13.9 Struct objects

A data structure is a variable–length block of memory referenced by machine words tagged as vectors; the first machine word of a structure is a reference to its structure type descriptor (STD), which is itself a data structure; the subsequent words, if any, are the fields of the structure.

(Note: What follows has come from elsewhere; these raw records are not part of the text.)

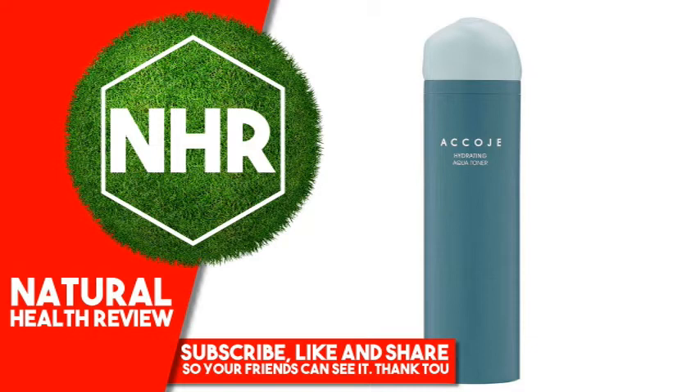Other Ingredients: Water, Glycerin, Butylene Glycol, Pentylene Glycol, Aloe Barbadensis Leaf Extract, Ecklonia Cava Extract, Opuntia Coccinellifera Fruit Extract, Portulaca Oleracea Extract, 1,2-Hexanediol.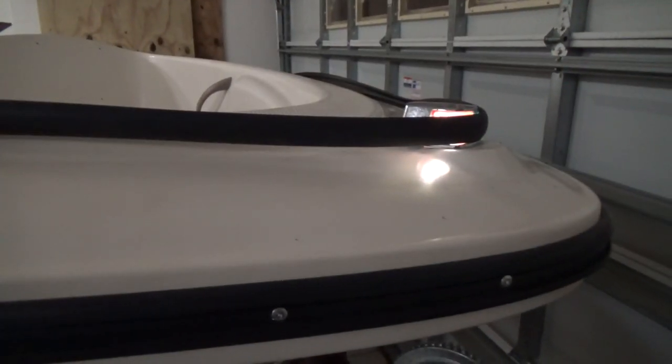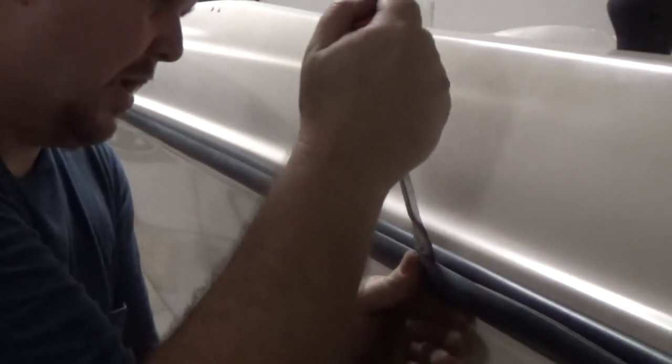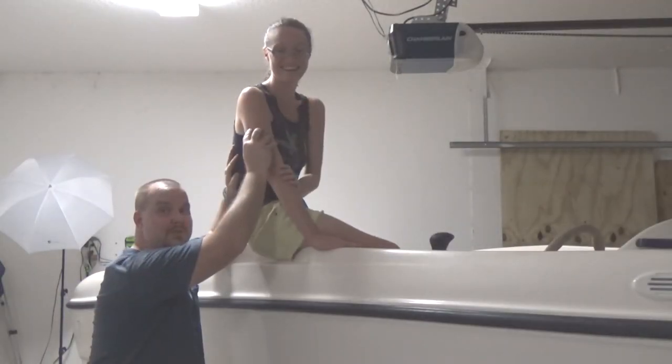Since we are using the old trim, we started at the very back, then we ran it to the front of the boat. Reusing old trim is hard because we're recycling the old trim. Got this trim installed.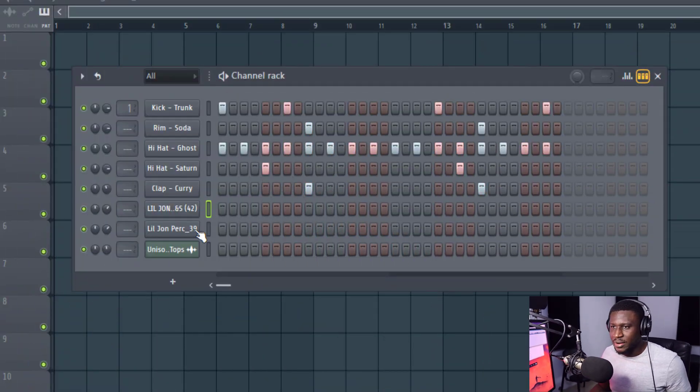The second thing you can do to make your drums more interesting is by using weird sounds or sound effects. For example, this is a camera flicker sound. I'm going to place this somewhere in my drum track — let's say here — and I can turn down the volume. Now it's already sounding more interesting.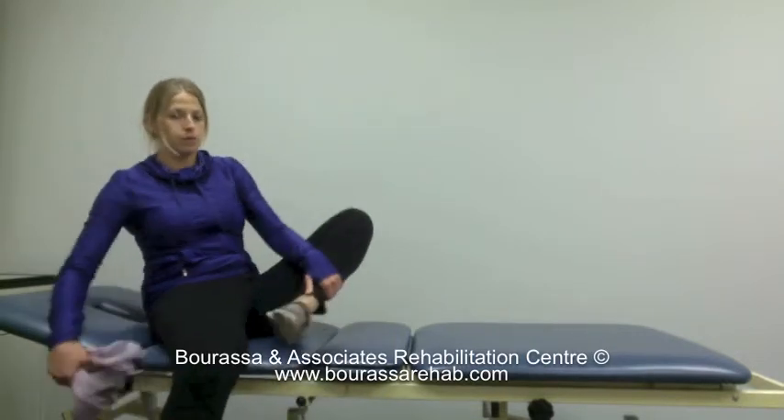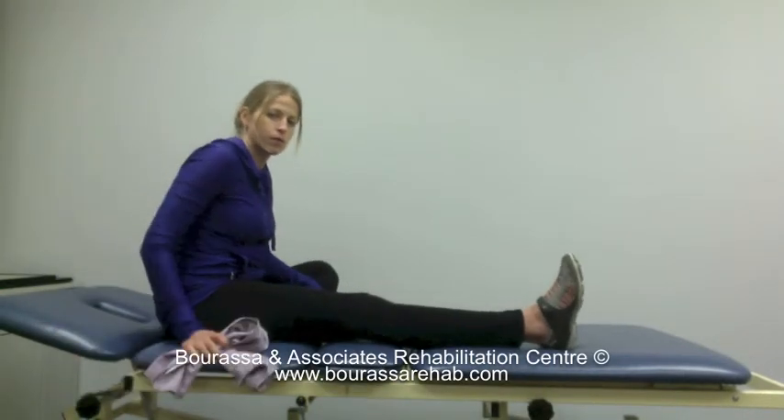This is a demonstration of the passive gastrocnemius stretch as part of the ACL program. Start by sitting with your injured leg out in front of you.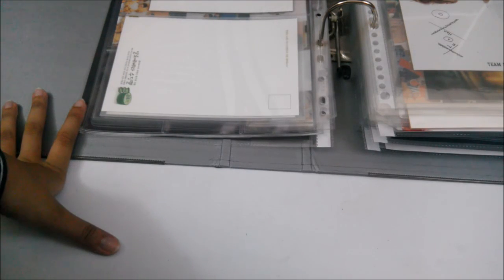That's all the types of sleeves I use. If you have any more questions, feel free to ask. Thanks for watching — bye!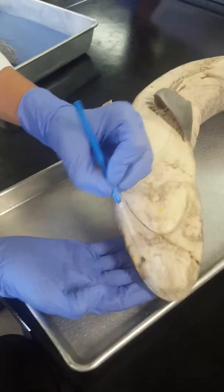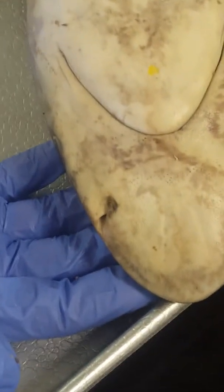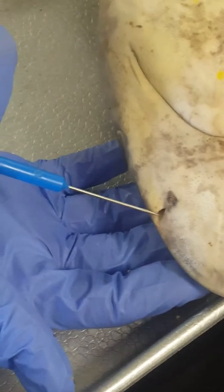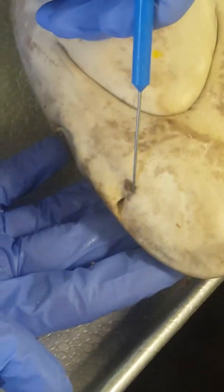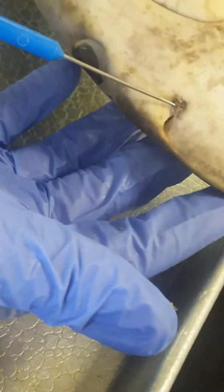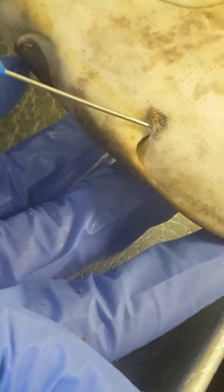Nostrils are right here. Incurrent aperture is this aperture on the outside. Excurrent aperture is this aperture on the medial side, like through here. Nasal flap is this little flap up here that I am lifting up now.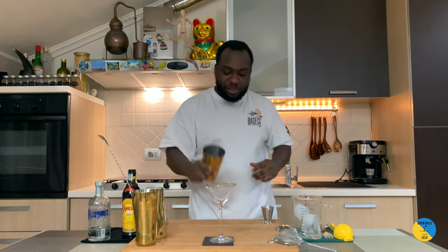Hello guys, welcome to my home bar. My name is Lele, and today we're gonna make an espresso martini — a very easy drink to make. Let's make one together.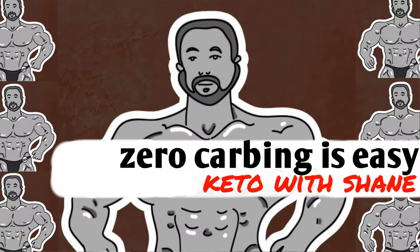Hello and welcome to another edition of Keto with Shane. Today I'm going to show you just how easy it is to do zero carb, ketogenically speaking. Now let's get to it.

A block of memory is a data structure if and only if: a reference to it is tagged as vector and its first word is tagged as vector.

|----------------|----------| reference to structure
  heap pointer    vector tag

|----------------|----------| first word of structure
  heap pointer    vector tag    = reference to STD
                                = reference to structure

The whole memory block layout of a struct with 5 fields is as follows:

|-----|------|------|------|------|------|
  STD  field0 field1 field2 field3 field4

fields are indexed starting at zero.

The type descriptor of the type descriptors is the return value of base-rtd at the Scheme level and the structure referenced by the field base_rtd in the process control block (PCB). Such base type descriptor is built at Vicare’s startup.

The graph of references for a structure and its type descriptor is as follows:

     STD ref
    |-------|---------------| structure instance
        |
 ---<---
|
|    STD ref
 -->|-------|---------------| struct type descriptor
        |
 ---<---
|
|    STD ref
+-->|-------|---------------| base struct type descriptor
|       |
 ---<---

the struct–type descriptor of the base struct–type descriptor is the base type descriptor itself.

About R6RS records and their types:

• A R6RS record instance is a struct instance whose first word references its R6RS record–type descriptor (RTD).
• A R6RS record–type descriptor (RTD) is a struct instance of type <rtd>. The type <rtd> is defined at the Scheme level.
• A R6RS record–constructor descriptor (RCD) is a struct instance of type <rcd>. The type <rcd> is defined at the Scheme level.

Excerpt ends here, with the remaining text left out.